Sebastian Vettel steht bei Toro Rosso vor seiner ersten kompletten Formel-1-Saison - Sven Heidfeld: "Vettel hat die Zukunft noch vor sich"

(Motorsport-Total.com) - Am 16. März beginnt mit dem Grand Prix von Australien in Melbourne die neue Formel-1-Saison. 'Motorsport-Total.com' veröffentlicht aus diesem Anlass jeden Tag einen Artikel aus der Countdown-Reihe - zu den fünf deutschen Stammfahrern und den elf Teams. Heute: Sebastian Vettel.
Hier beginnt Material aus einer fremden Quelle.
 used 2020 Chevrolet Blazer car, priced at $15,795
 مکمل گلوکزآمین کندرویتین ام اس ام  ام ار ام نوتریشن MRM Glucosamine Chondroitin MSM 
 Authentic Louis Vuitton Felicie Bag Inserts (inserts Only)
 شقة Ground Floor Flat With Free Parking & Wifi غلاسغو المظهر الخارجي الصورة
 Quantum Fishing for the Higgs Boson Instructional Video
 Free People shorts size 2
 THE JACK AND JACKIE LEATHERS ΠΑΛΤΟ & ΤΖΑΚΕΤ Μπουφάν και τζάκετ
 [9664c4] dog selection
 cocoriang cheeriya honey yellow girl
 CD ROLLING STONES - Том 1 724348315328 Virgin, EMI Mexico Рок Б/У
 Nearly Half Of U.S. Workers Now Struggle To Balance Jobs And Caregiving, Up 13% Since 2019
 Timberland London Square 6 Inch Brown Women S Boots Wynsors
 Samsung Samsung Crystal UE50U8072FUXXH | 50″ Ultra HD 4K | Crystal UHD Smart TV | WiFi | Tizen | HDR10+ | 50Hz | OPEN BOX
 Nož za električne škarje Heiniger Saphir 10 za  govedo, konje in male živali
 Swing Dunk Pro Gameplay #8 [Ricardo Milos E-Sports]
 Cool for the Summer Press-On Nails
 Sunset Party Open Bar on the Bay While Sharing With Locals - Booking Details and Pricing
Titel-Bild zur News: Sebastian Vettel

Sebastian Vettel wird 2008 seine erste komplette Formel-1-Saison bestreiten

Vettel hatte als kleiner Junge ein Poster von Michael Schumacher in seinem Zimmer hängen und wurde Jahre später einmal vom siebenfachen Weltmeister bei einem Kartrennen abgewinkt. Damals hätte noch niemand gedacht, dass die beiden - zwischen der deutschen Vergangenheit und Zukunft in der Formel 1 liegen immerhin fast 20 Jahre Altersunterschied - in Istanbul 2006 erstmals gemeinsam auf einer Grand-Prix-Strecke fahren würden.#w1#

Raketenstart in die Formel 1

Und Vettel schlug in der Königsklasse des Motorsports auch gleich ein wie eine Granate: Mit ein bisschen Unterstützung durch die damalige Freitagsregelung fuhr er gleich bei seinem ersten Auftritt Trainingsbestzeit vor allen Stars, und bei seinem ersten Formel-1-Rennen am 17. Juni 2007 in Indianapolis kam er als Achter auf Anhieb in die Punkte. Zwar war er seinem Teamkollegen Nick Heidfeld damals deutlich unterlegen, aber das war ja auch nicht anders zu erwarten.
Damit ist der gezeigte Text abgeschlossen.